台湾にはSC造という、日本では聞き慣れない構造形式があります。これはSteel Concreteの略語で、日本でいうところのCFT造に相当するものだと考えています。しかし、日本の建築技術者の視点でこのSC造を見ると、CFT造と異なった点も数多く感じます。

日本のCFT構造

CFTというのは、"Concrete Filled Tube"の略称です。日本語では"コンクリート充填鋼管構造"と呼ばれる様ですが、この言葉はこの記事を調べる際に初めて知りました。建築設計の現場ではあまり使われていないですね。

普通の鉄骨造の建物は、地震や強風の際に横揺れが激しく、居住性が良くないという欠点があります。これは、オフィスを設計する場合には大きな問題とはなりませんが、住宅を設計する際には、致命的とまではいかなくとも、住む際の快適さをある程度損なう問題です。
僕は、新宿の超高層ビルの上の方の階で地震に遭遇したことがあります。建物がゆらりゆらりと横方向に揺れているのを体感すると、船酔いにかかった様な気分になりました。鉄骨造の高層建物は、居住者にその様な印象をもたらす恐れが十分にあります。

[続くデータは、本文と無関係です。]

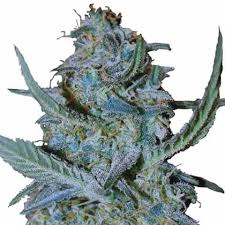 Blue Cheese Strain Feminized Cannabis Seeds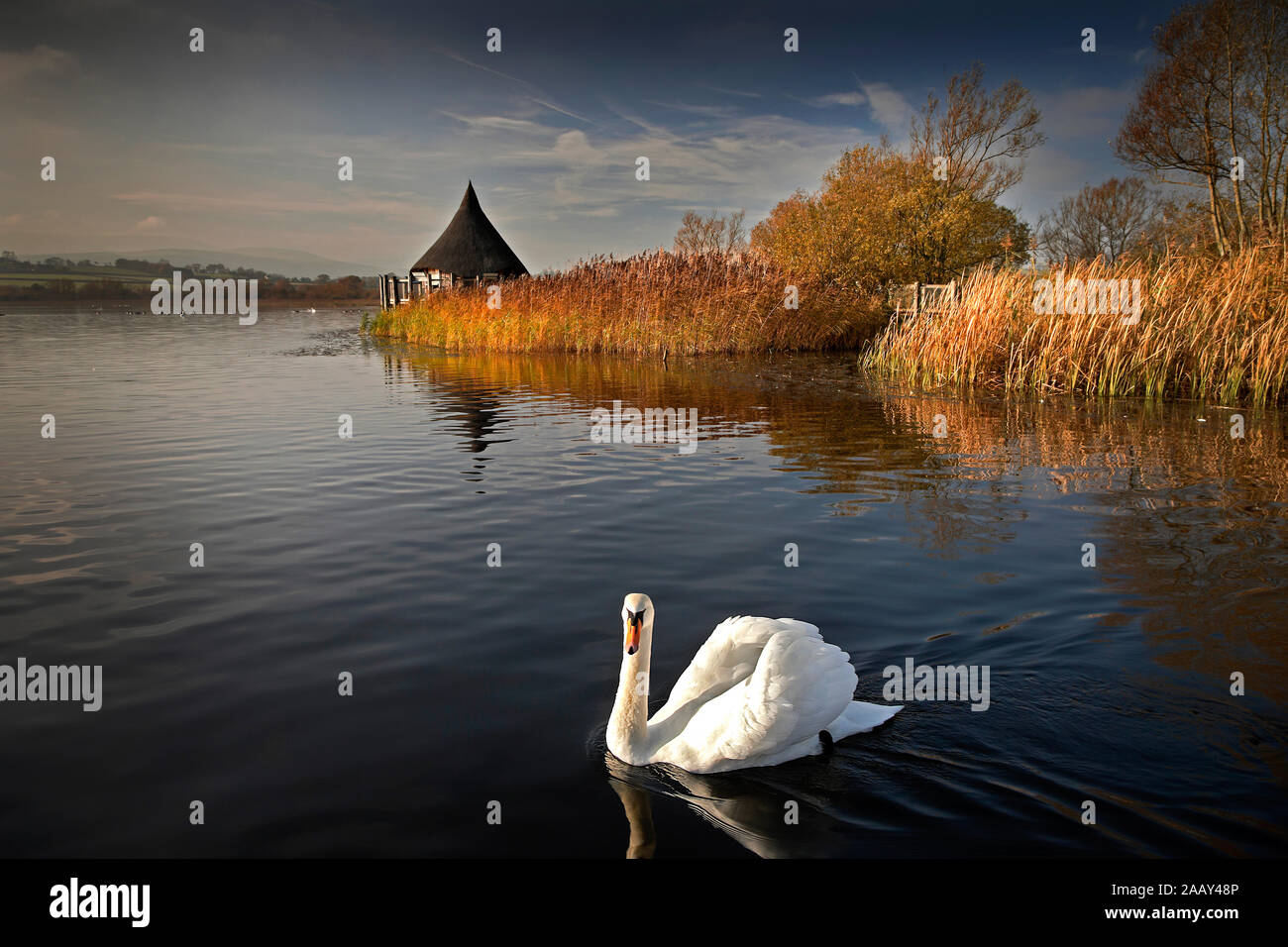 Lake and calm water with swan in foreground and ancient cranog wooden hut in evening light in background Stock Photo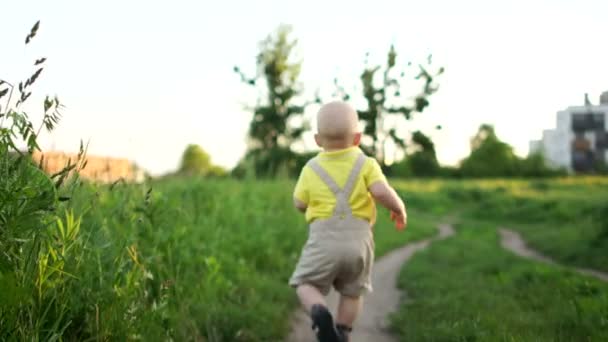 Ένα μικρό παιδί που περπατάει single με αγροτικό τρόπο, ένα παιδί με πίσω βήμα έτοιμο για νέες περιπέτειες. Το μωρό πέφτει και σηκώνεται πάλι, τα πρώτα βήματα — Αρχείο Βίντεο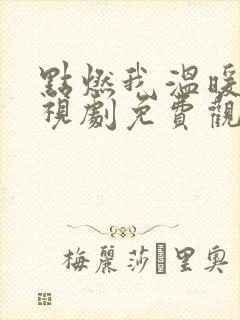 点燃我温暖你电视剧免费观看完整版在线观看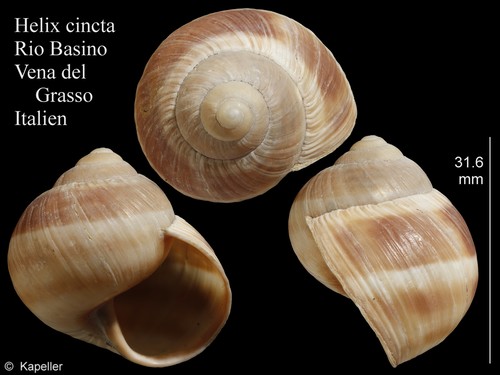 Helix cincta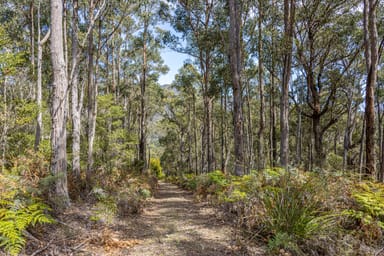 Property Lot 1, Huon Highway, SURGES BAY TAS 7116 IMAGE 0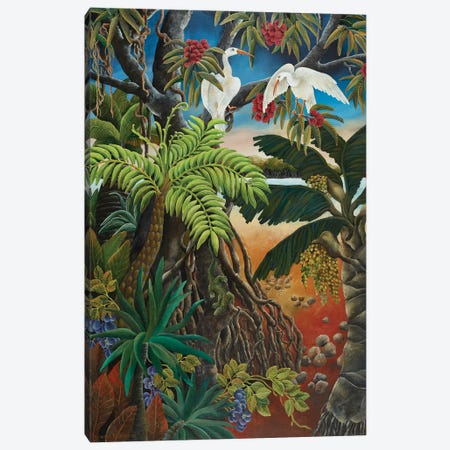 Mangrove Country Canvas Print #JHL31} by Johanna Hildebrandt Canvas Wall Art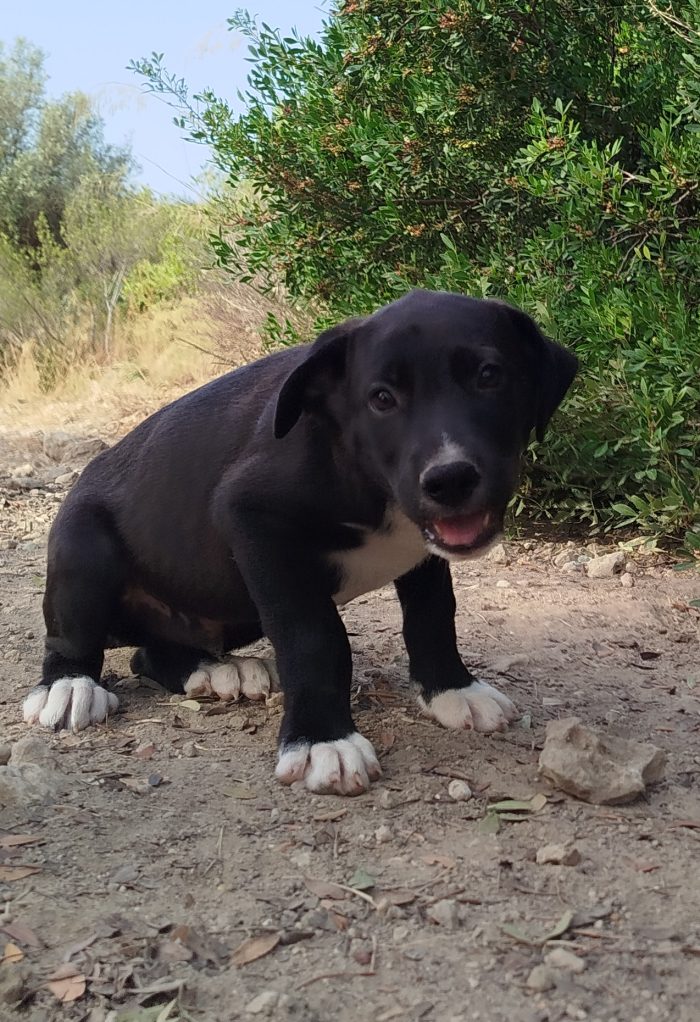 Max, mix Maremmano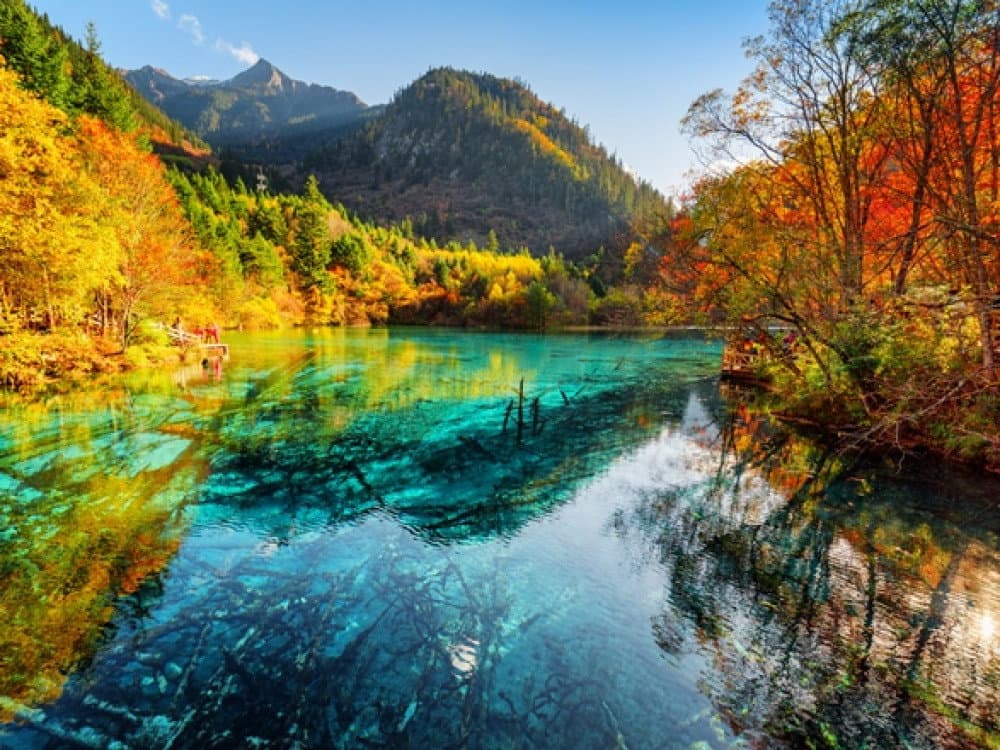 5D4N Chengdu Jiuzhaigou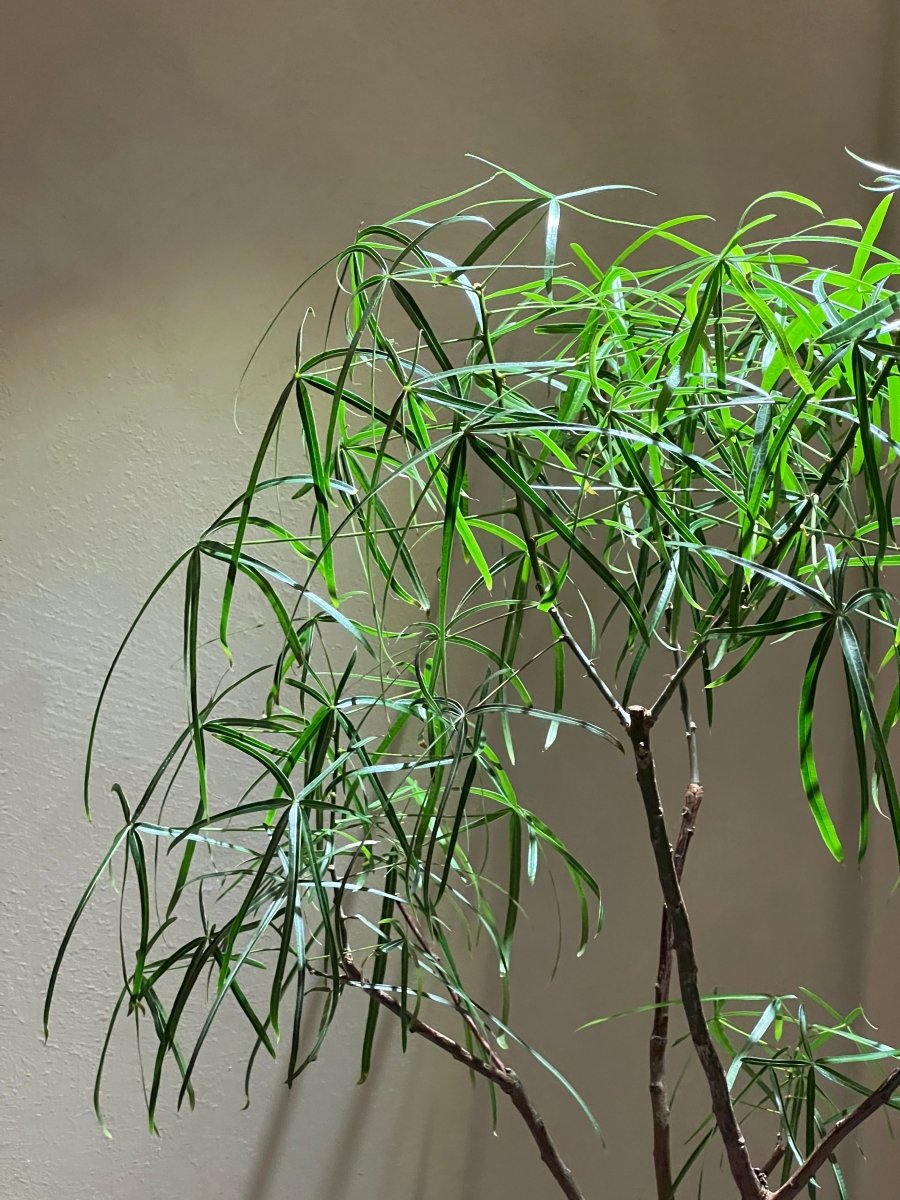 Adjustable Spotlight (2m) - Black - Accessory - Tumbleweed Plants - Online Plant Delivery Singapore
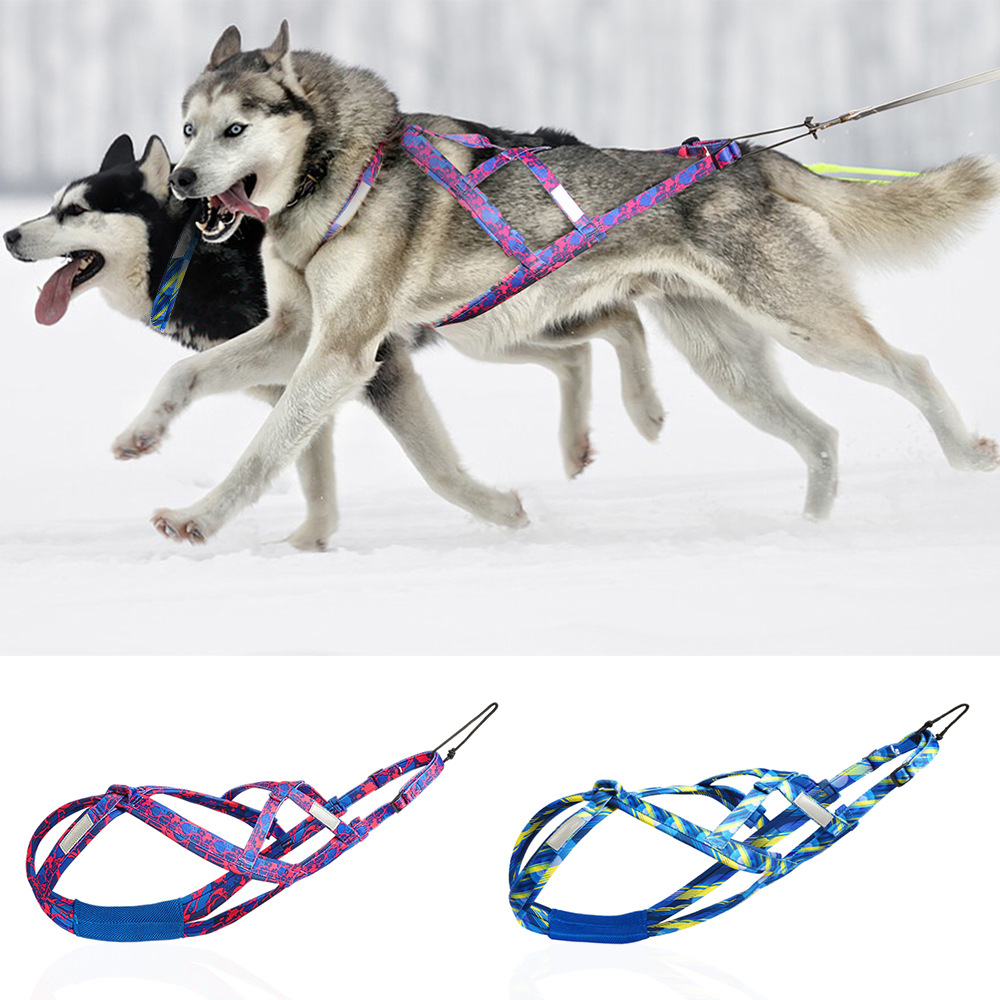 犬 ハーネス 雪山ドッグスポーツハーネス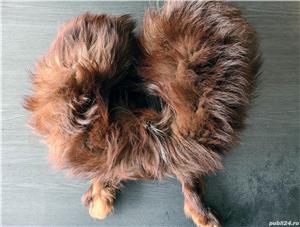 Vand guler de vulpe impecabil - imagine 2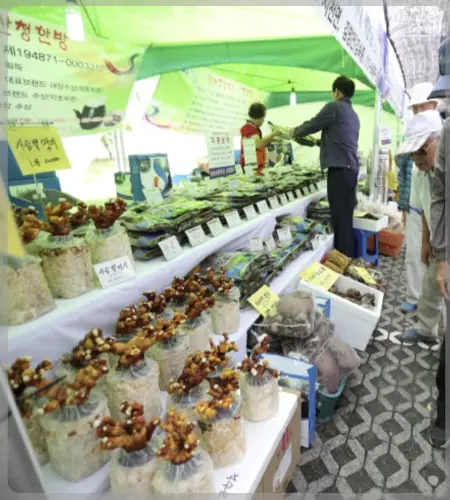 산청 한방약초축제_2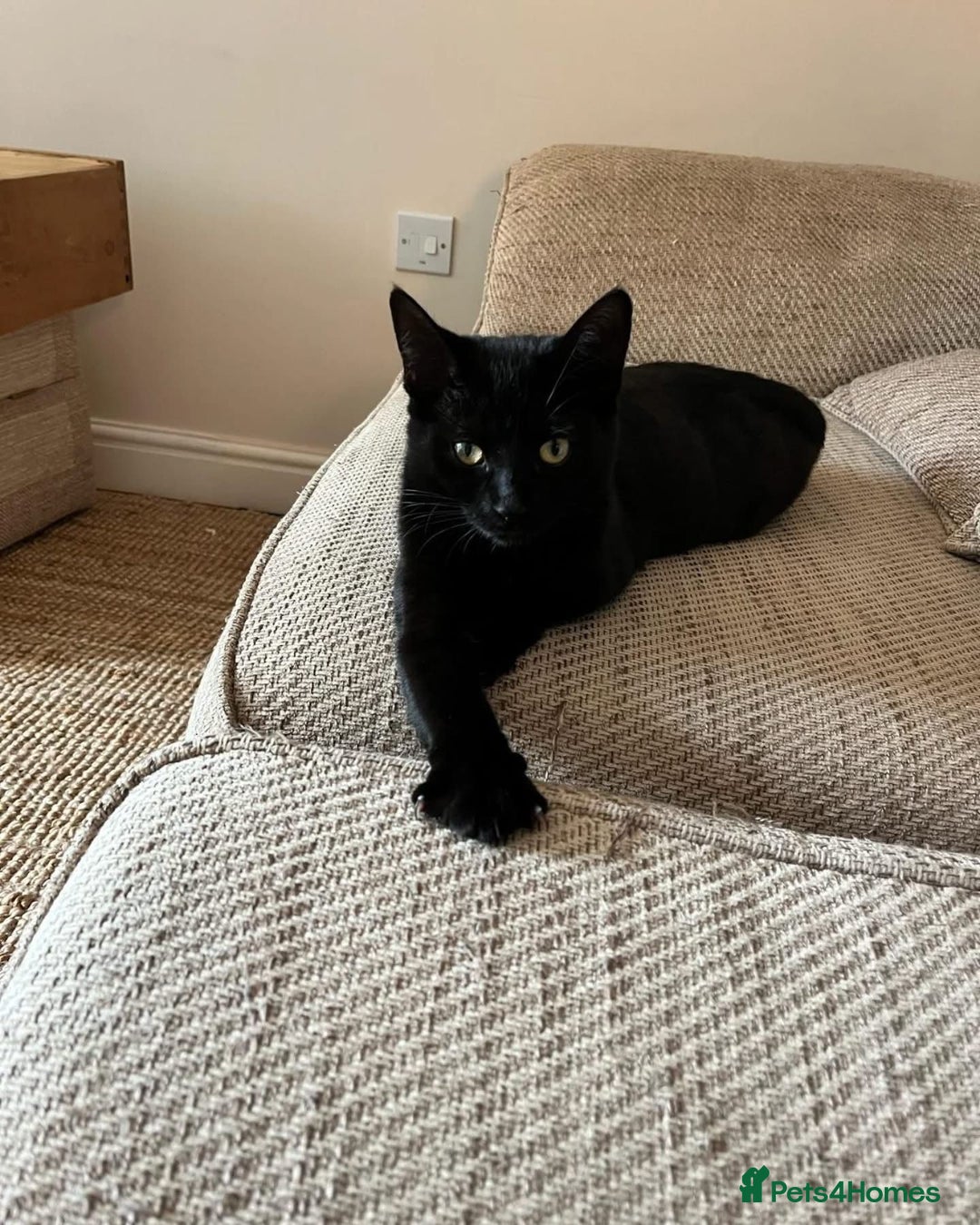 Domestic Shorthair cats for adoption: Holly & Ivy, can be homed together or separately - Image 1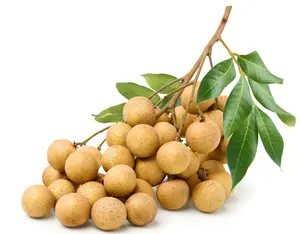 Longan Tree Live for Planting, Sweet Longan Tree for Garden 6 to 8 Inch Tall in 4 Inch Pot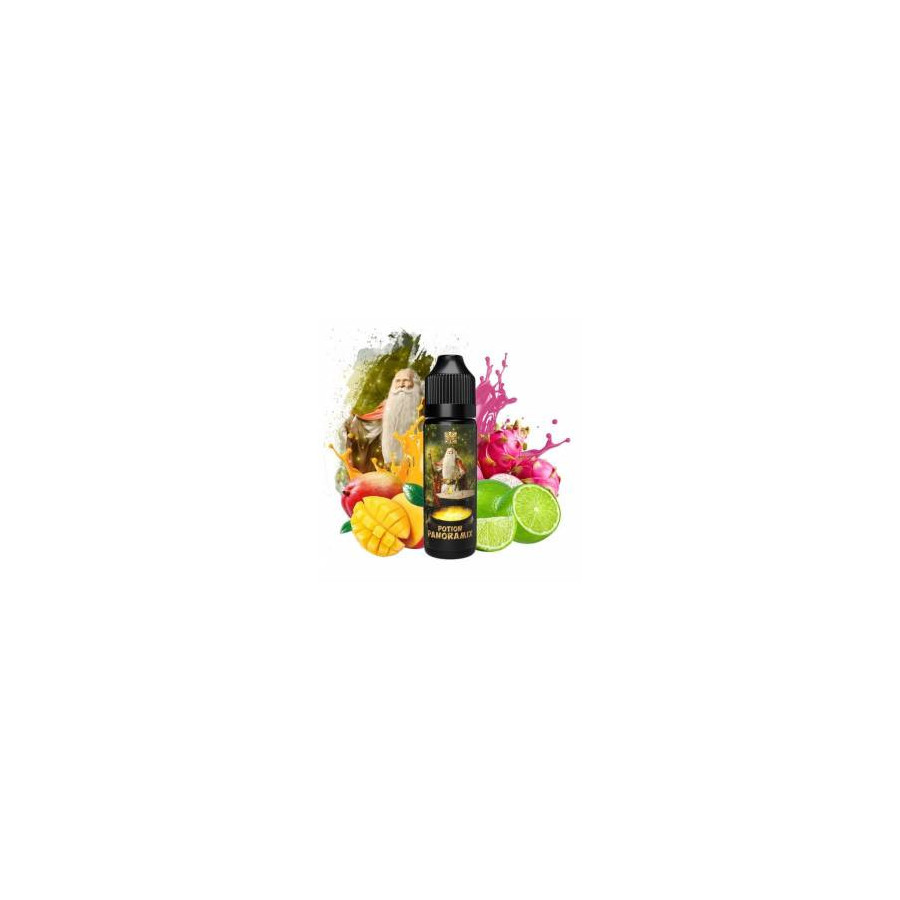 Potion Panoramix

鉄骨造の建物のこの様な欠点を補うために工夫されたのがCFT造です。
これは、鉄骨造の横揺れを抑えるために、鉄骨の柱の中にコンクリートを充填するというものです。鉄骨造そのままでは、地震の際の横揺れに対して、それに逆らわず柳の様に揺れて受け流すわけですが、鉄骨の柱の中にコンクリートを充填することで、その変形を大きく低減することができます。

CFT造のメリット

CFT造のメリットは他にもあります。
鉄骨造とコンクリート造のハイブリッド構造にはSRC造もあります。これは、鉄骨造にコンクリートを充填するのではなく、コンクリート造の構造体に鉄骨を補強材として組み込むという発想です。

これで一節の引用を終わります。